Although cancers may look the same under the microscope, they behave quite differently at the genomic level. By identifying these genetic differences, researchers can start to understand what treatment works for particular patients and administer those first. Understanding which cancers don’t respond to treatment is also vital as this allows researchers to focus down on the molecular mechanisms that are responsible and design new drugs to attack those particular mechanisms that cause the cancer to be lethal .

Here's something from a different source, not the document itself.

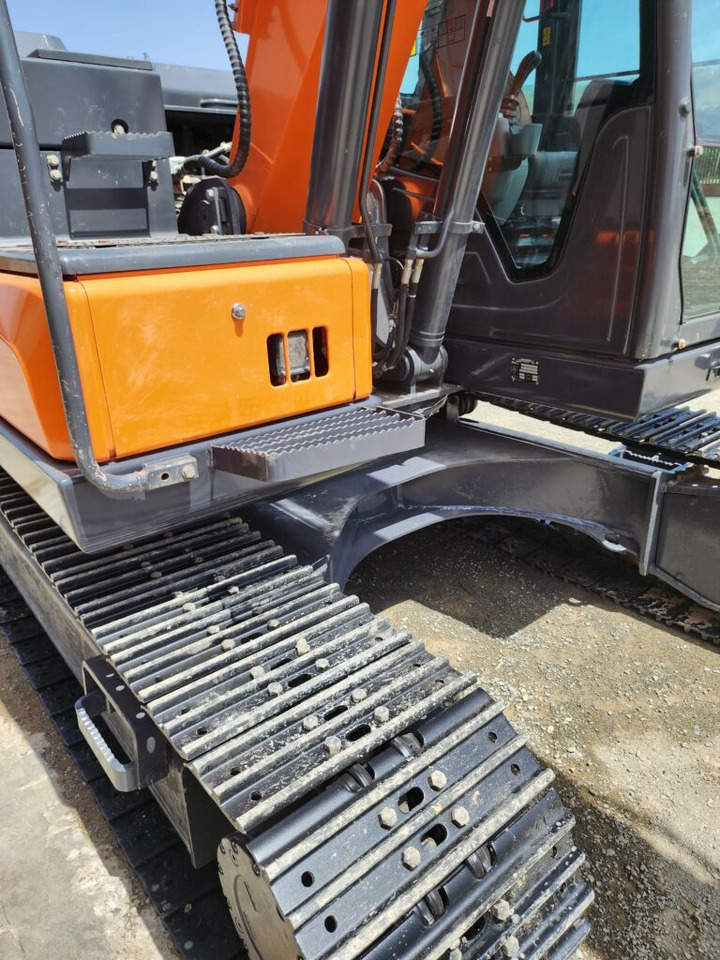 DOOSAN DX140LC-7 - 履带式挖掘机:图3 DOOSAN DX140LC-7 - 履带式挖掘机:图3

In this context, the primary goal of the International Cancer Genome Consortium (ICGC) is to generate comprehensive catalogues of genomic abnormalities in tumours from 50 different cancer types and/or subtypes which are of clinical and societal importance across the globe. The Australian component of that Consortium, the Australian Pancreatic Cancer GenomeInitiative (APGI) is delivering the genomic data associated with pancreatic tumour samples. For this, the APGI uses the best clinical material available, with well-characterised and accurately annotated clinico-pathological, treatment and outcome data acquired prospectively. However, discovery of variations and similarities within the genomes of a given cancer collection and being able to compare these to other datasets remain a significant challenge for biologist and clinician researchers. The effective re-use of datasets of international importance is limited by the ability of research biologists and clinicians to access and to use computational and data infrastructure. A researcher performing such an analysis is currently expected to be conversant with programming, command line scripting, data management, high performance computing, network-based communications, and visualisation at a minimum. Additionally, they must ensure that the steps in the analysis are recorded in sufficient detail for the results to be reproduced in-house at least, and ideally would document the analysis in such a way as to allow publication of the method(s).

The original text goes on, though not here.